Prof. Dr. Valery Iwanow, Präsident der Ukrainischen Presseakademie Kiew, spricht von einer „deutlichen und grundlegenden Veränderung“ in seinem Land. „Die Zensur und Kontrolle der Medien mit Hilfe der „Tjemniki“ (Themenweisungen und Instruktionen aus dem Präsidialamt an die Medien und Journalisten) existiert nicht mehr, und die Regierungsoffiziellen versuchen nicht mehr, die Journalisten zu beeinflussen.“ Zugleich übt Iwanow jedoch scharfe Kritik an den Journalisten: „Diese jüngsten Veränderungen haben die Gedankenwelt der Mehrzahl der Journalisten nicht erreicht. Sie haben früher gehorsam den Machthabern gedient und tun dies heute ebenso.“ Leider hätten viele Journalisten die Veränderungen in den Machtstrukturen nur als eine Änderung der Namen der agierenden Helden verstanden. Sie würden arbeiten wie gewohnt und jetzt Juschtschenko anstelle von Kutschma lobpreisen.

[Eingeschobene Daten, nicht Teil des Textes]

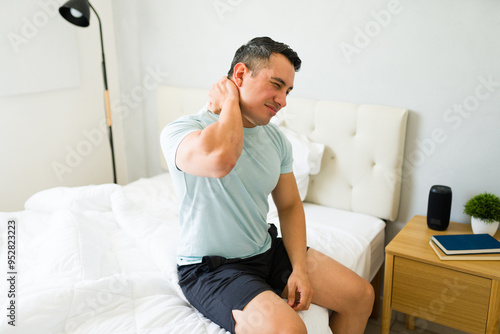 Hispanic man sitting on bed at home, experiencing neck stiffness and touching his painful neck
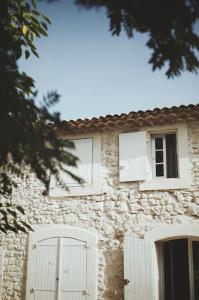 a stone house with white doors and windows at Domaine de Carraire in Aix-en-Provence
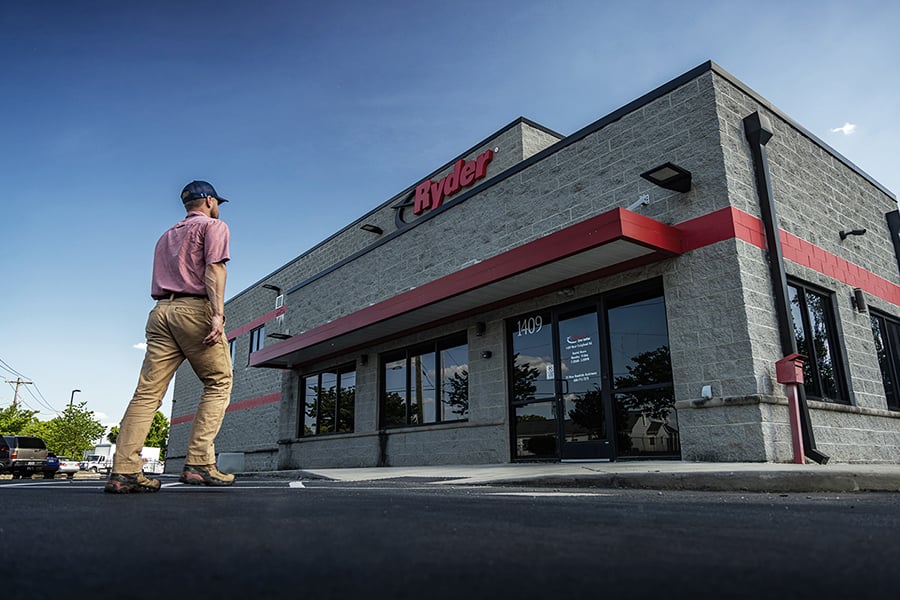 A Ryder employee walking into a Ryder rental location A Ryder employee walking into a Ryder rental location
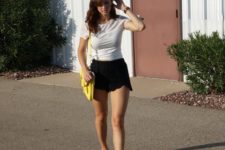 With white t-shirt, yellow pumps and yellow bag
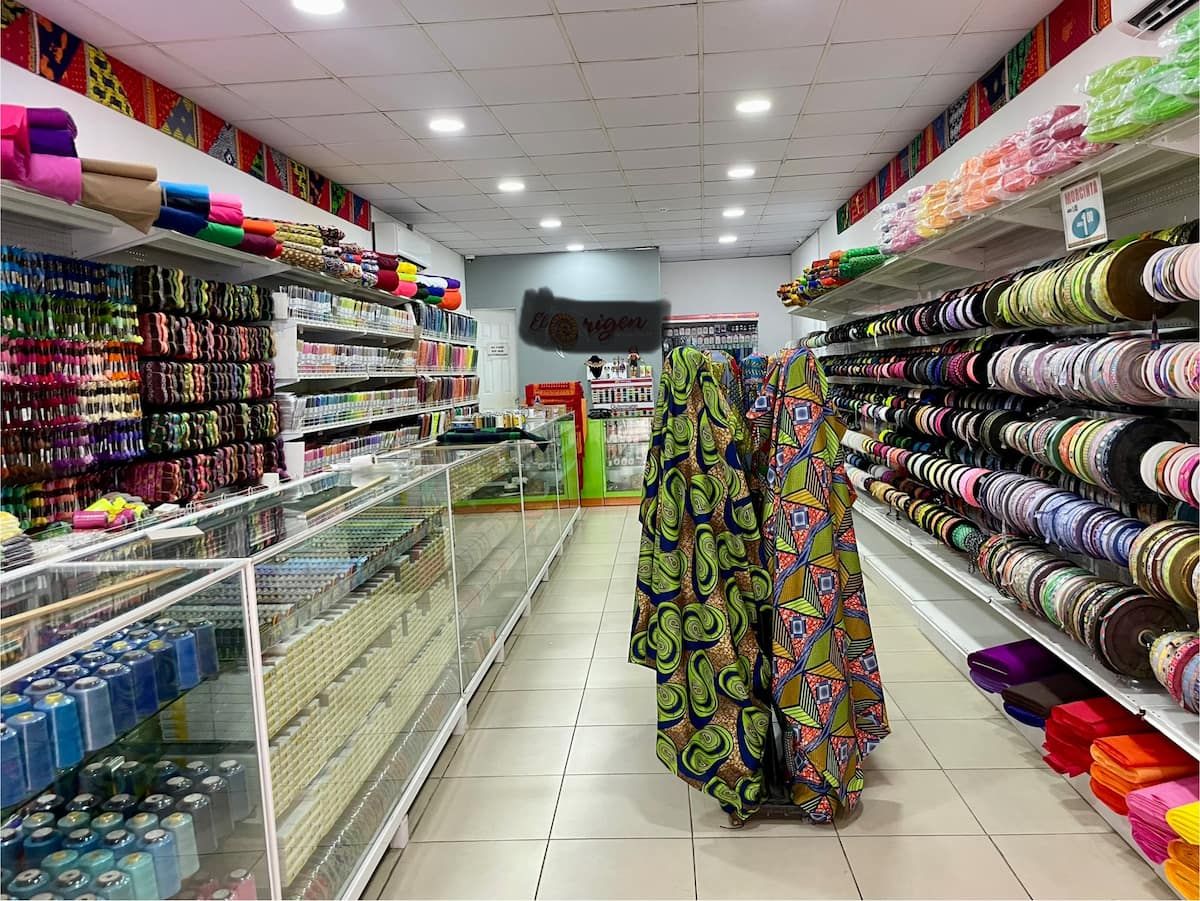 Colorful fabrics and sewing supplies displayed in a vibrant store aisle during the Guna Culture Urban Tour in Casco Viejo, Panama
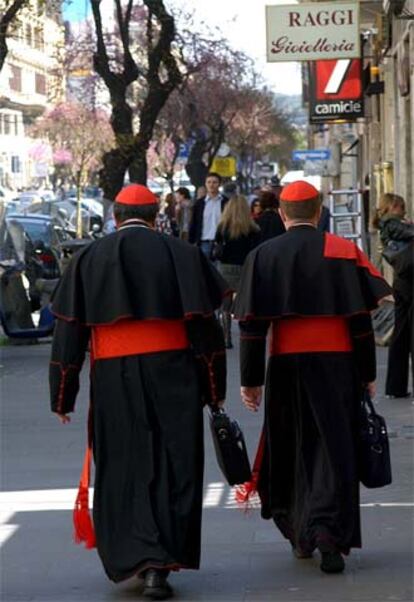 Dos cardenales caminan por una calle de  Roma en dirección al Vaticano.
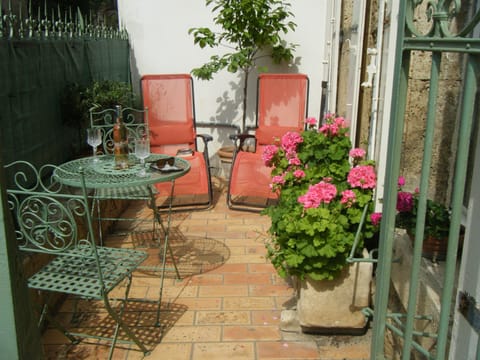 Sunny private courtyard where you can enjoy your morning croissant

„Vielleicht benötigen wir etwas mehr Zeit, damit sich unsere Journalisten an eine generell kritische Haltung gegenüber den Aktivitäten jener, die an der Macht sind, zu gewöhnen. Jene Journalisten, die schon Kutschma kritisierten, sind eher zu einer unvoreingenommenen Berichterstattung bereit. Ich denke da z.B. an die Zeitung „Serkalo nedeli“, den TV-Kanal 5 und einige andere Medien.“

Nach der Ansicht von Juri Durkot, freier Journalist und Produzent aus Lviv haben dagegen „viele Journalisten die Revolution in Orange als einen Befreiungsschlag empfunden und die Prinzipien der journalistischen Ethik für sich wiederentdeckt“. Für Dorkut spielt die Trennung von Geschäft und Politik eine besonders wichtige Rolle. „Bisher war es nicht selten so, dass Privatmedien nur als Sekundärgeschäft für einen Geschäftsmann und Politiker betrachtet wurden und die Aufgabe hatten, seine Interessen zu schützen – eine ziemlich typische Situation für einen Oligarchenstaat.“ Ansonsten werde es wohl noch Versuche geben, die Medien unter Kontrolle zu stellen, und zwar von beiden Seiten, sowohl vom Staat als auch von den privaten Besitzern. „Die ukrainischen Medien werden ihre Rolle als vierte Gewalt noch erkämpfen müssen – in harten und nicht einfachen Auseinandersetzungen“, ist der Journalist überzeugt.